** Your task **
In the listing below, find the line with "6/1 Coojong Link, Success WA 6164" and copy every line from there up to and including the line with "Oregon Scientific Projection", exactly and without pictures.

==========

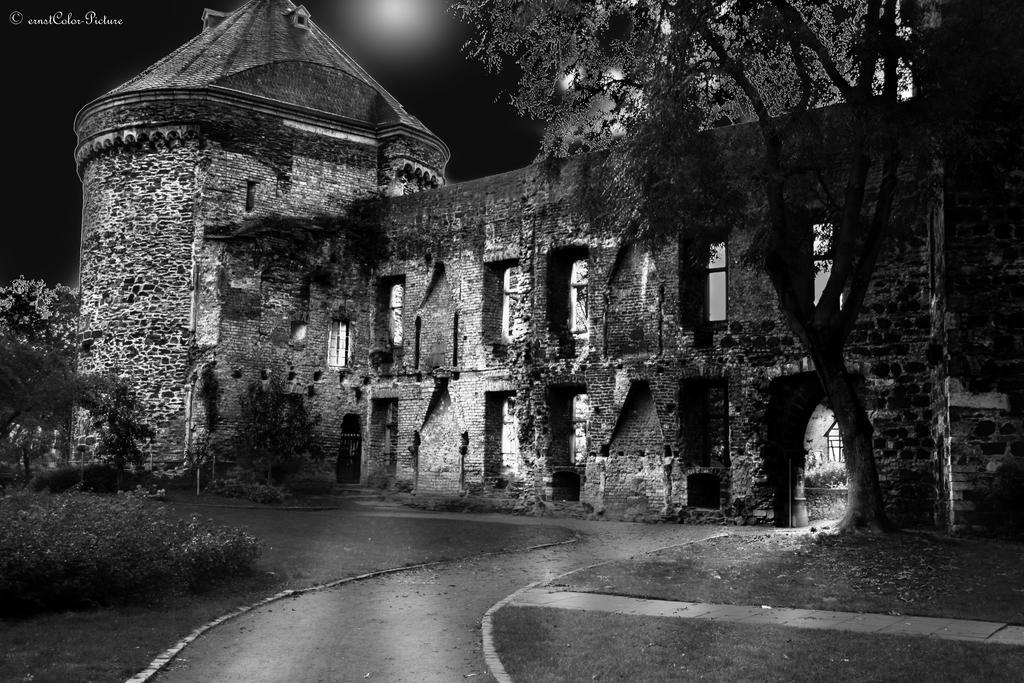 Ferienwohnung Weber-Rolinger Andernach Esterno foto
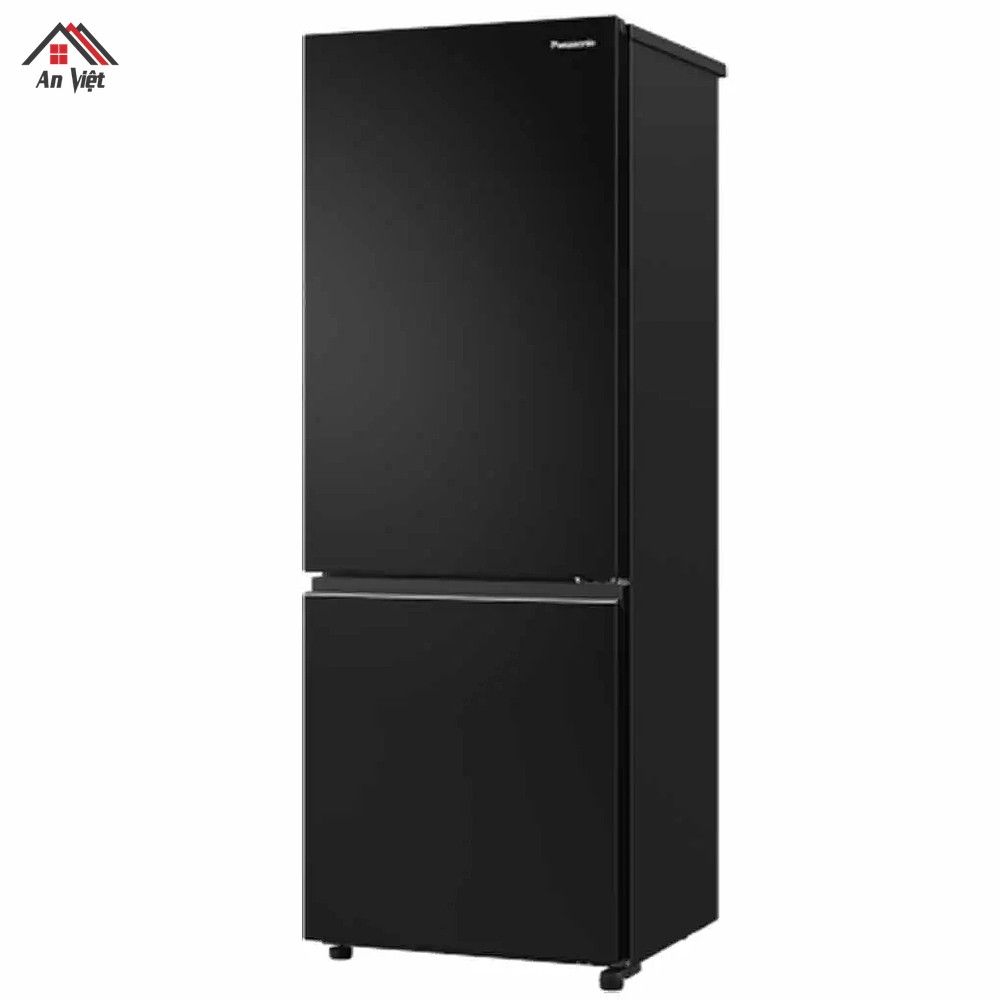 Tủ lạnh ngăn đá dưới Panasonic Inverter 300 lít NR-BV331BPKV - hình 1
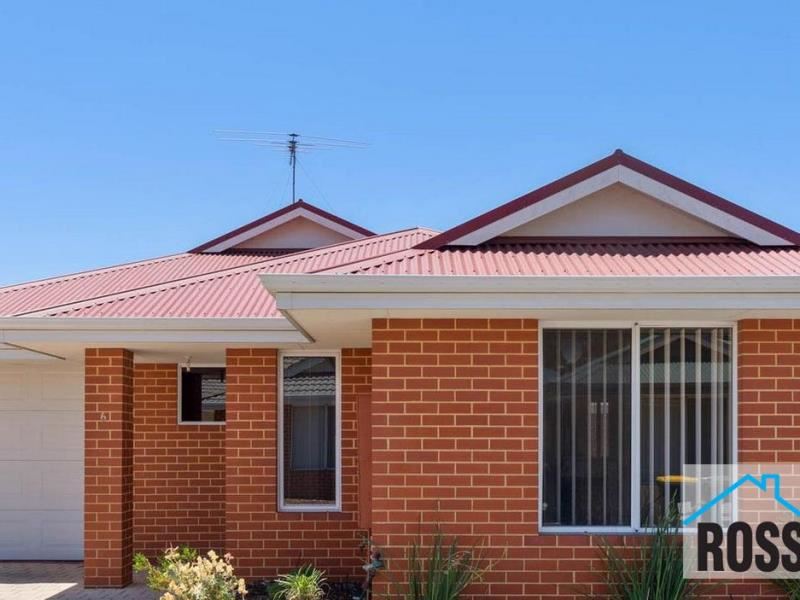 6/1 Coojong Link, Success WA 6164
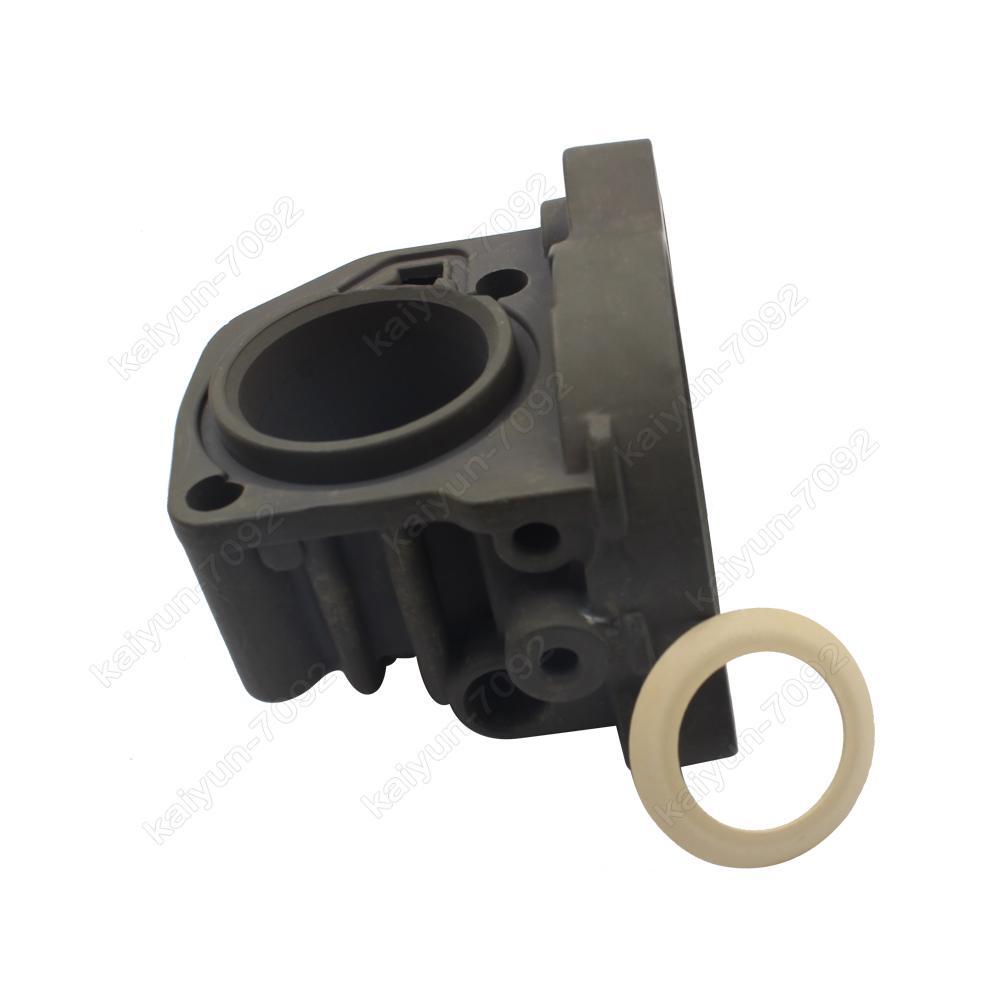 Air Suspension Compressor Cylinder Head Piston Ring for BMW 7 F01 F02 F04 F07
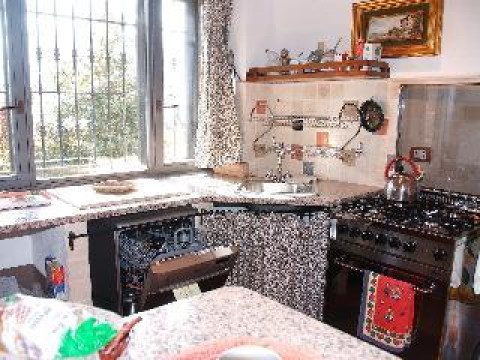 Villa Trasimeno - One Bedroom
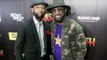 Radio Host Rickey Smiley son Brandon passes at 32 yrs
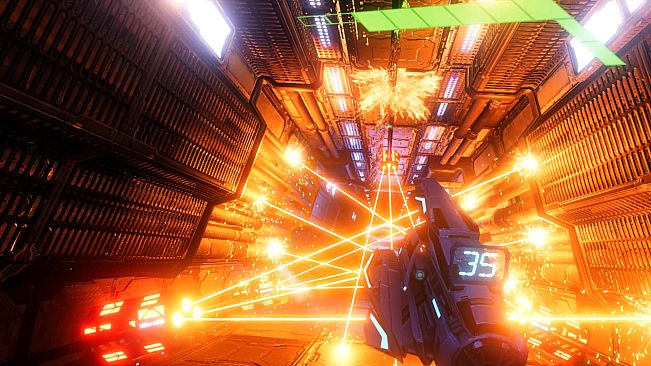 VAD - Virtually Assured Destruction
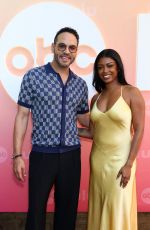 JAVICIA LESLIE a ABC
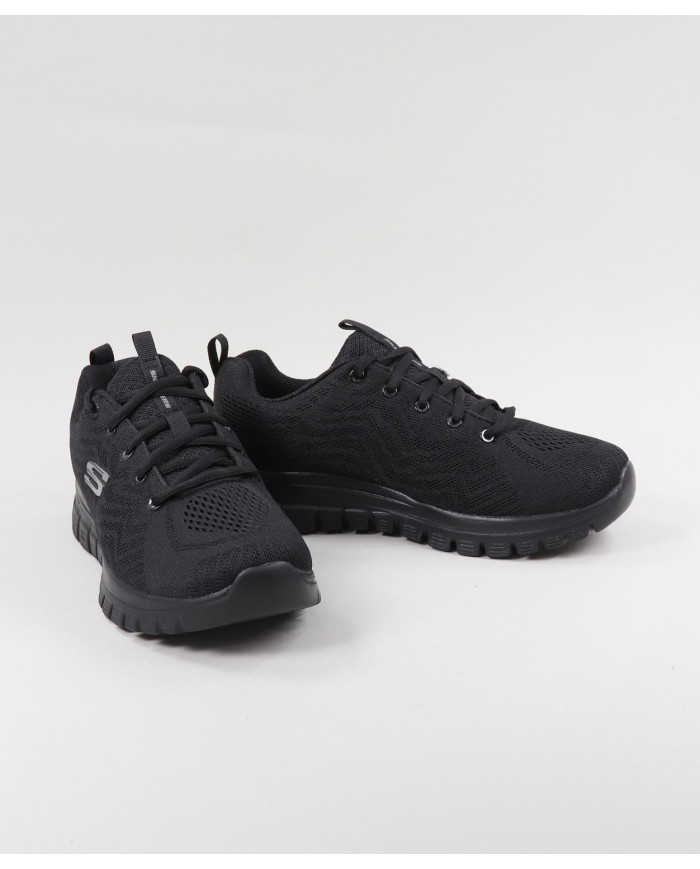 Sapatilhas Skechers Get Connected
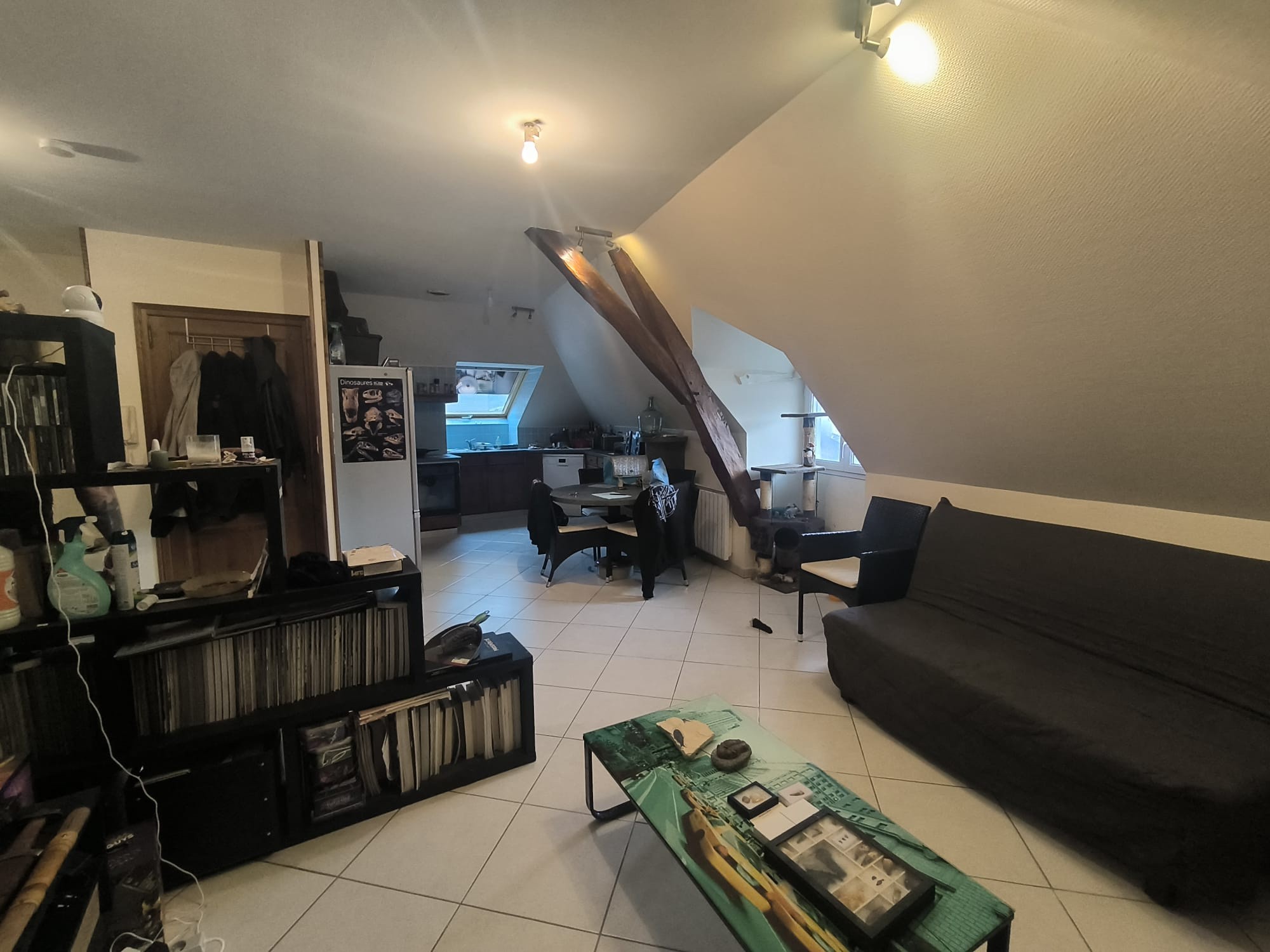 Immeuble en pierre de 4 appartements  Souillac   Proche commerces — photo 3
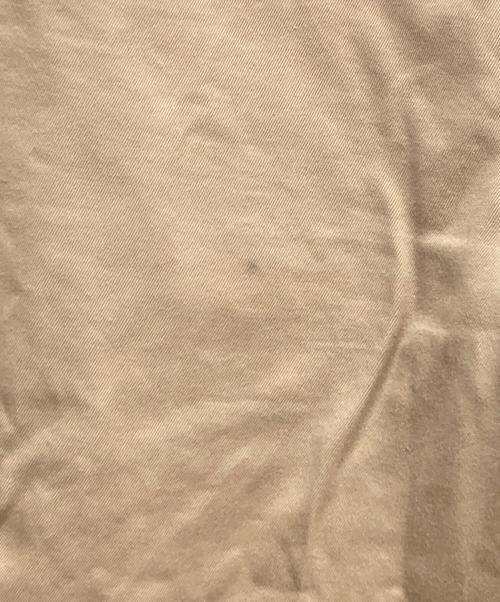 BUZZ RICKSON'S（バズリクソンズ）BUZZ RICKSON'S (バズリクソンズ) ORIGINAL SPEC. CHINOS ベージュ サイズ:WAIST　31INSEAM　34の古着・服飾アイテム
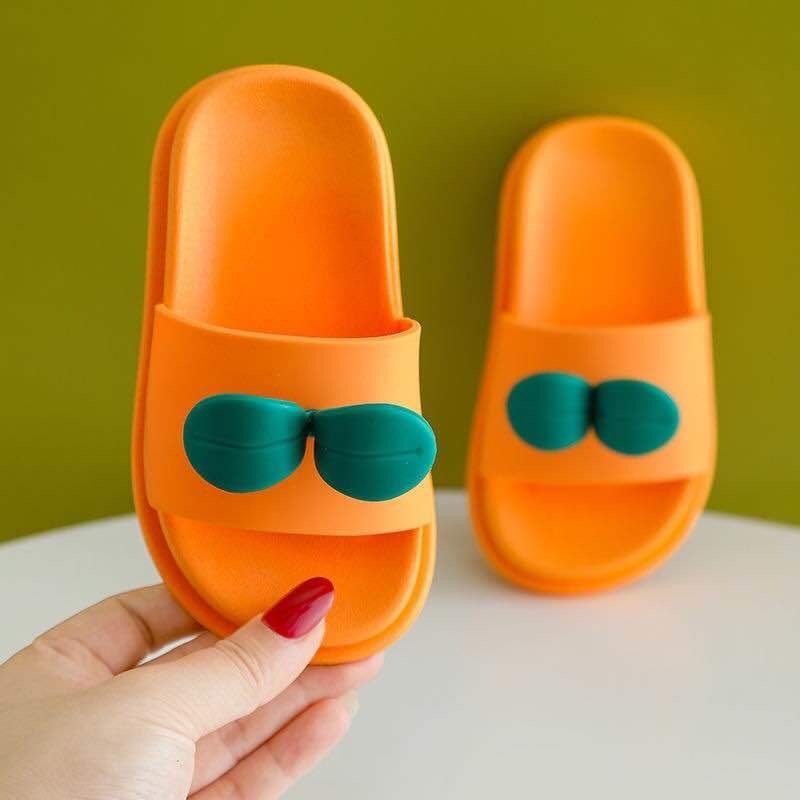 Home Bathroom Bath Baby Sandals And Slippers 7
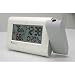 Oregon Scientific Projection Clock with Temperature and Humidity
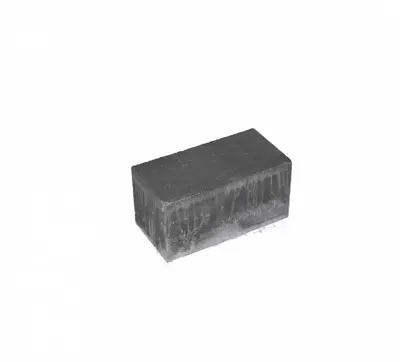 Excluton Linia excellence 15x15x30 cm grijs/zwart - afbeelding 1
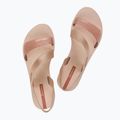 Women's Ipanema Vibe pink/rose sandals 11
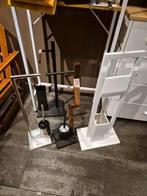 toiletborstel met houders verschillende, Huis en Inrichting, Ophalen, Nieuw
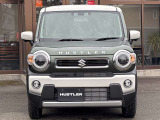 ハスラー ハイブリッド(HYBRID) Xターボ 4WD 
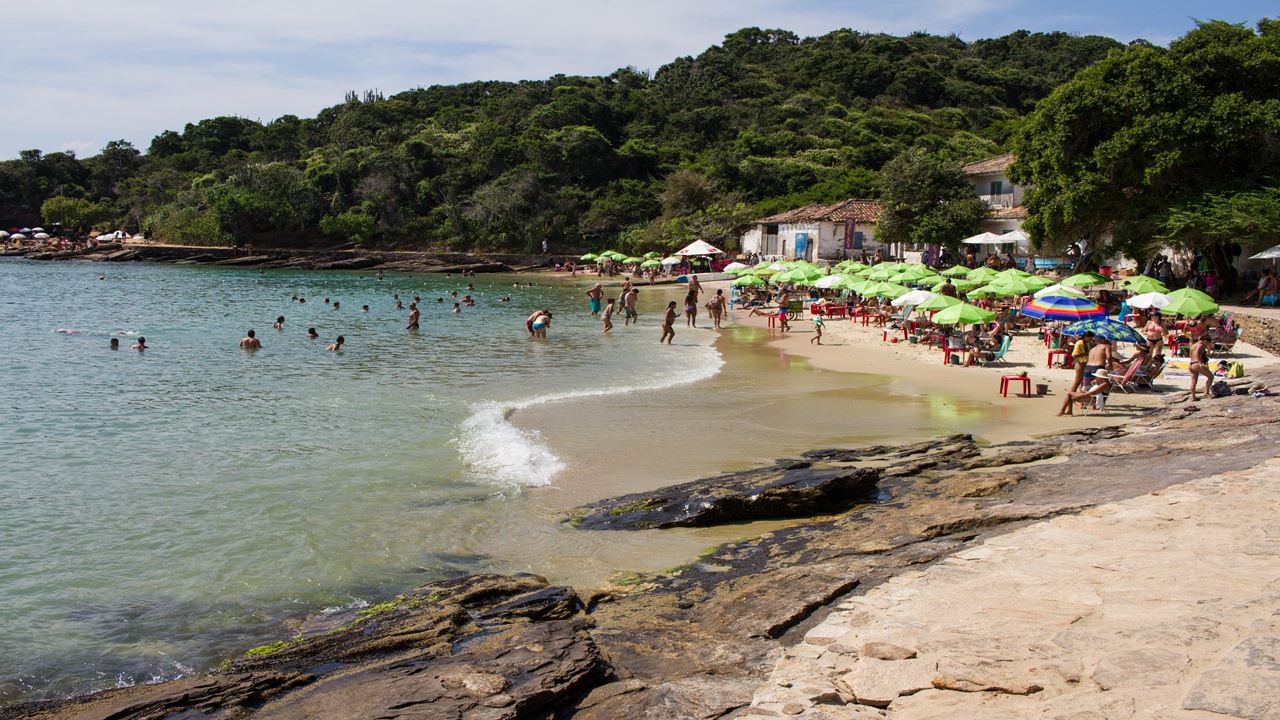Buzios Private Transfer Boat Trip
(6)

==========

** The answer **
 6/1 Coojong Link, Success WA 6164
 Air Suspension Compressor Cylinder Head Piston Ring for BMW 7 F01 F02 F04 F07
 Villa Trasimeno - One Bedroom
 Radio Host Rickey Smiley son Brandon passes at 32 yrs
 VAD - Virtually Assured Destruction
 JAVICIA LESLIE a ABC
 Sapatilhas Skechers Get Connected
 Immeuble en pierre de 4 appartements  Souillac   Proche commerces — photo 3
 BUZZ RICKSON'S（バズリクソンズ）BUZZ RICKSON'S (バズリクソンズ) ORIGINAL SPEC. CHINOS ベージュ サイズ:WAIST　31INSEAM　34の古着・服飾アイテム
 Home Bathroom Bath Baby Sandals And Slippers 7
 Oregon Scientific Projection Clock with Temperature and Humidity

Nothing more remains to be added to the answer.